Headache was present for more than 5 years in 40% of the patients. Among the patients with migraine, 93.3% reported having experienced at least one day of headache-related loss of work power in the past 3 months, while 83.3% had had at least one attack per month in the past 3 months; the duration of the attacks was less than 24 hours in 53.3% and lasted 2–3 days in 40%. Moreover, 83.3% reported their headaches as having been severe or very severe (Table 2), while 80% always experienced phonophobia during their attacks, and 83.3% always experienced photophobia. Nausea always accompanied the attacks in 66.7% and vomiting in 13.3%.

Four (13.3%) of the patients were receiving prophylactic treatment, with two patients using amitriptyline, one using a calcium channel blocker, and one using topiramate.

Among the patients with migraine, 66.7% stated that they do not use analgesics for headache or used analgesics once a week or more rarely. Among those who used analgesics for headache, with 46.7% reporting they sometimes had an analgesic response and 20% stating that they did not see any benefit.

The most frequently described provoking factors were psychological stress, changes in sleep patterns, and fatigue (86.7%, 83.3%, and 70%, respectively) (Table 2). Distraction, mood changes, and sweating/chills were the most common symptoms accompanying the headache attacks (83.3%, 80%, and 70%, respectively) (Table 2).

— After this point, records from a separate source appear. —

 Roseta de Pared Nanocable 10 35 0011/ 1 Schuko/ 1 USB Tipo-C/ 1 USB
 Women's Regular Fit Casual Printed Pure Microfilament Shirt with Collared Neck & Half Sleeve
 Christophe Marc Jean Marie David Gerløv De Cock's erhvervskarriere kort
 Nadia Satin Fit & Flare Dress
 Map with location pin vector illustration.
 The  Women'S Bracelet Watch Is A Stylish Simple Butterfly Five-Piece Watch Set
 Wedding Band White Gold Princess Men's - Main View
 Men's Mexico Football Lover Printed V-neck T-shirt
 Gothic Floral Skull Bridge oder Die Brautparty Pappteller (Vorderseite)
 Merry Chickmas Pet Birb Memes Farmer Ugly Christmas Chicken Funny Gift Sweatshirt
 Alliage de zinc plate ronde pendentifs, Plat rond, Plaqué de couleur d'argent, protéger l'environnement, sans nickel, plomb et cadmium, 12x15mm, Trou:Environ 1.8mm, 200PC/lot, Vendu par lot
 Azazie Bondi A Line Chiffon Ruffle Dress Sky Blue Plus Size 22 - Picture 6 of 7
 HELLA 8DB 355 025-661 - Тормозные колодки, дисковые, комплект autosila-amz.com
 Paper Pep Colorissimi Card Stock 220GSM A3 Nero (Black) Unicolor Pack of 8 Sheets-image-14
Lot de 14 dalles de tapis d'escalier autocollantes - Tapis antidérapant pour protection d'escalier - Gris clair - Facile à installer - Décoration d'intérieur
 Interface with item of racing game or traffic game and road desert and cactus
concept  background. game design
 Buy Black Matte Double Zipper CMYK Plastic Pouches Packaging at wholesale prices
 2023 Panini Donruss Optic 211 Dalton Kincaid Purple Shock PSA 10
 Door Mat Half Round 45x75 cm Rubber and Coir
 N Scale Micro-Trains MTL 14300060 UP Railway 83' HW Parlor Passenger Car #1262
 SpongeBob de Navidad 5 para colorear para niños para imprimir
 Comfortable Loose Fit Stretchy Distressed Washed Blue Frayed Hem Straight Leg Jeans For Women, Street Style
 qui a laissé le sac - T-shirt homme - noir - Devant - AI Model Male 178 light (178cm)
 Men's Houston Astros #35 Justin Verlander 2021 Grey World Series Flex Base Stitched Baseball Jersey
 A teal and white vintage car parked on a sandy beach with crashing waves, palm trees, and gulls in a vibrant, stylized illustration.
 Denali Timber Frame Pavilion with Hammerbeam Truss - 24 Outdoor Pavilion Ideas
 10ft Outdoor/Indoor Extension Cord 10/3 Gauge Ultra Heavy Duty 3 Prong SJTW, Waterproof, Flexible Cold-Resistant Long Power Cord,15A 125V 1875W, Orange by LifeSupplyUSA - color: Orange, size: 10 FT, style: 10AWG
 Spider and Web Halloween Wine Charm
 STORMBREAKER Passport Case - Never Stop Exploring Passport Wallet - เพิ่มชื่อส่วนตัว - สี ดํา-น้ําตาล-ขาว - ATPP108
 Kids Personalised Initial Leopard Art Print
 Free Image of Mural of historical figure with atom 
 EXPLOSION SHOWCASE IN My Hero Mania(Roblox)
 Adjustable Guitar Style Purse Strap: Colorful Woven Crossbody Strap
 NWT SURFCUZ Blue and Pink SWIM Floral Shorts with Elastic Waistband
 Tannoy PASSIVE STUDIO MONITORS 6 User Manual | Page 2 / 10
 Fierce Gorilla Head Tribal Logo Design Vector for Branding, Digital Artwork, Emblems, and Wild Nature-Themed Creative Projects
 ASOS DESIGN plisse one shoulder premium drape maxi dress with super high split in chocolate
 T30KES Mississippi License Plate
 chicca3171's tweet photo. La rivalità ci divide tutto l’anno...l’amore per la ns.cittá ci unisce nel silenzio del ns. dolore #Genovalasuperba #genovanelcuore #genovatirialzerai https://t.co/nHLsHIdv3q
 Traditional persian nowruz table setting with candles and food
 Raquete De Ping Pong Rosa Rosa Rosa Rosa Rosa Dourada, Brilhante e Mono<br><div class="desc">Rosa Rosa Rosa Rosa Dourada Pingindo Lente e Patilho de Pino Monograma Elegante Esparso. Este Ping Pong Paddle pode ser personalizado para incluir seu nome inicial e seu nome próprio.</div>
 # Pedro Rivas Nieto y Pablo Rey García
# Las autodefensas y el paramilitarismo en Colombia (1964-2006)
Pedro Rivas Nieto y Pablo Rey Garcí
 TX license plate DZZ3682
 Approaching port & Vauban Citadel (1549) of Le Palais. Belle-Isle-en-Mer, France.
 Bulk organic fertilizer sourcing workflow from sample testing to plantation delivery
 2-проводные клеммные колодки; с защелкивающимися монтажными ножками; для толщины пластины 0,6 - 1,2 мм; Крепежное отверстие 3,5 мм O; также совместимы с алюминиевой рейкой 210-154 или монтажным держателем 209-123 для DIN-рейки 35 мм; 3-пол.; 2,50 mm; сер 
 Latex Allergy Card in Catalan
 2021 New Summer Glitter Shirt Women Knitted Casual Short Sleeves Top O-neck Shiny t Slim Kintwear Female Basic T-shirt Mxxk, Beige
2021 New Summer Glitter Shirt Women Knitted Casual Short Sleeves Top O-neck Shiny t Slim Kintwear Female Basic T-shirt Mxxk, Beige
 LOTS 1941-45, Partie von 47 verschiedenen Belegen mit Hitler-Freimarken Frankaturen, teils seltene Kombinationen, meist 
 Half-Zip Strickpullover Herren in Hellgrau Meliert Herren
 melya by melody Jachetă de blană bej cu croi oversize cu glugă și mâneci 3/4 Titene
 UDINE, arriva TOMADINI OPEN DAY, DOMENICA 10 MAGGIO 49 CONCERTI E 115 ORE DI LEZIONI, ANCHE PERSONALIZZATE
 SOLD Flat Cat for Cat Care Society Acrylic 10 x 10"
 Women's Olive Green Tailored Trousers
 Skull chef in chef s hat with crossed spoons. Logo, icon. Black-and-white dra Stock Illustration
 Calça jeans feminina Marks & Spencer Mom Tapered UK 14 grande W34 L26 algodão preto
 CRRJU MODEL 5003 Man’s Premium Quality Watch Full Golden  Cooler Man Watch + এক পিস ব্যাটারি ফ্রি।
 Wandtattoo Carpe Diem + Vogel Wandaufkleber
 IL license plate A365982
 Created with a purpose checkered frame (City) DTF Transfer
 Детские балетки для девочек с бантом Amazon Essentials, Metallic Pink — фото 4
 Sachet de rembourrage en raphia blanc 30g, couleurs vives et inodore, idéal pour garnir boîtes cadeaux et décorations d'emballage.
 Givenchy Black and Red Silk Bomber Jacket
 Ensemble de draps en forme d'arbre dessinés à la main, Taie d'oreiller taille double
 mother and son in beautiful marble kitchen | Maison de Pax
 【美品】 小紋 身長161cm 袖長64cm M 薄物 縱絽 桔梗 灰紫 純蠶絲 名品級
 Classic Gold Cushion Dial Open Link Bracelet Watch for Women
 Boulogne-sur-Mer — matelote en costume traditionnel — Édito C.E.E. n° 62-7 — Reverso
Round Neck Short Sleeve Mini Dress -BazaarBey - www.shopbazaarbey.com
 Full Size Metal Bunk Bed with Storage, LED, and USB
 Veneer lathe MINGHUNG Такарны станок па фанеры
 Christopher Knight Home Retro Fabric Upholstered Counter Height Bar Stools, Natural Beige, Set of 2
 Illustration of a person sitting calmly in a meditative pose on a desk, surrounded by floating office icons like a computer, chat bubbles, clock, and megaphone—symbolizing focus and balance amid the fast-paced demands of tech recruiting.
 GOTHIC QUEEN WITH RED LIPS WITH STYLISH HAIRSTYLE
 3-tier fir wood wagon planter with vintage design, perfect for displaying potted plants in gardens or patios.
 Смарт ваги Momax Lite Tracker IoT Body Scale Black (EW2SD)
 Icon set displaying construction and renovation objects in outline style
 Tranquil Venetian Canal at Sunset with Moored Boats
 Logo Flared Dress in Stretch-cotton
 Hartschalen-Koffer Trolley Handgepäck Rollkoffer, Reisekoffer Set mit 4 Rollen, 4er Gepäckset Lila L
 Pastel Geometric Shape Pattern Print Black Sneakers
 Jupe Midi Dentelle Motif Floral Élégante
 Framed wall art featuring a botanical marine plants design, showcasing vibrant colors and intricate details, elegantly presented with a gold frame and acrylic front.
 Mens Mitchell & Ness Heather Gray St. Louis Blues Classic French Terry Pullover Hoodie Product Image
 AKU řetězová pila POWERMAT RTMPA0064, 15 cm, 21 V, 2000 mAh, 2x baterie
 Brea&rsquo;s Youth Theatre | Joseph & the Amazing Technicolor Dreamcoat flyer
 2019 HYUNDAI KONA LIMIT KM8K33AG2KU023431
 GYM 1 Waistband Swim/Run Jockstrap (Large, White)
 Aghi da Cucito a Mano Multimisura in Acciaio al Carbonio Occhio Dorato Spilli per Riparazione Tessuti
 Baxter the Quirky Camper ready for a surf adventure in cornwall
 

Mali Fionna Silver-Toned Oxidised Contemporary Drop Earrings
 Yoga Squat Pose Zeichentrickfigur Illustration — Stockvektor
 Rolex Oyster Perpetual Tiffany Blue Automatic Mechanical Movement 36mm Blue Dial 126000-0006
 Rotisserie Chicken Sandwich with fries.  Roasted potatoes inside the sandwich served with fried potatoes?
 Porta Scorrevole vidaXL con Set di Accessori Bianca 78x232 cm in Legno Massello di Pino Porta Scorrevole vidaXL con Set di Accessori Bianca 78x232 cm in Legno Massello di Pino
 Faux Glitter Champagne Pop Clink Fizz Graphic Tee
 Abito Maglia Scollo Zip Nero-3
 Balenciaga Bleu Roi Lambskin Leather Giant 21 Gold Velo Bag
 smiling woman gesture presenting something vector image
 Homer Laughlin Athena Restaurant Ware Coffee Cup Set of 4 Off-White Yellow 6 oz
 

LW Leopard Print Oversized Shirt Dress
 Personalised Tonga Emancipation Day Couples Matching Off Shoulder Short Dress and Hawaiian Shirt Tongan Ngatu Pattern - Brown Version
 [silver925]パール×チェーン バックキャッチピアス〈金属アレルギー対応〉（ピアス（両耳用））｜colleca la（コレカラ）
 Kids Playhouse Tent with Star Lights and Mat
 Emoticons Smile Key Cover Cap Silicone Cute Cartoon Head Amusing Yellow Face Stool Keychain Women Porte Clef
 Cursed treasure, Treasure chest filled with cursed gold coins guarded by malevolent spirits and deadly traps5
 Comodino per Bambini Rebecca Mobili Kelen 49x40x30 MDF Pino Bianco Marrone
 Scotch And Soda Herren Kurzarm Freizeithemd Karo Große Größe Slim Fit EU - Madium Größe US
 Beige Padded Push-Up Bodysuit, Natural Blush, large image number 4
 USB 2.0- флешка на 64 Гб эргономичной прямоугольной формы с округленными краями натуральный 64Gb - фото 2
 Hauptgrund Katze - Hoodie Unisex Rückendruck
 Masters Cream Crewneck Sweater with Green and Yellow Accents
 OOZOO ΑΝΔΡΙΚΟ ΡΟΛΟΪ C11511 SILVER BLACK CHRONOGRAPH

In the patients with migraine, the serum NO level during the attack was statistically significantly lower than during the interictal period (P = 0.025). There was no statistical difference in terms of the serum NO levels between the control and migraine groups in either the attack periods or the attack-free periods (Table 1).

There was no significant relationship between any of the clinical features of migraine attacks and NO levels in the attack or the attack-free period.

Discussion

In this study, the serum NO levels measured during an attack were lower than in the attack-free period. Provocation studies on the role of NO in the pathophysiology of migraine have long been conducted and provide important information in this regard. It was found that the pathways comprising NO synthesis were activated in experimental headache models (e.g., nitroglycerin-induced headache) (4). NO is one of the most important substances that has a vasodilator effect produced by the endothelium (3). Experimental studies and hypotheses have been based on the indication that NO plays a role by acting on pain pathways, causing vasodilation, or stimulating the release of CGRP (11).

However, the measurement of serum NO levels in spontaneous migraine attacks has been studied less frequently. The NO levels from peripheral venous blood samples differ between studies. While no difference was found in some studies, higher NO levels were observed among patients with migraine in others (12,13,14,15). With the belief that measurement from the jugular vein may be more valuable, in a study in which NO measurement was performed from the internal jugular vein in spontaneous migraine attacks without aura, the NO level was found to be high during the attack, while a decrease was observed in the follow-up measurements. In the same study, simultaneous peripheral venous blood levels were also examined, and a slight increase was observed during the first hour of the attack, but the results were lower in the peripheral blood compared to the jugular vein (9). Due to the invasive procedure of sampling from the jugular vein, these studies are difficult to conduct, and similar studies cannot be found in the literature.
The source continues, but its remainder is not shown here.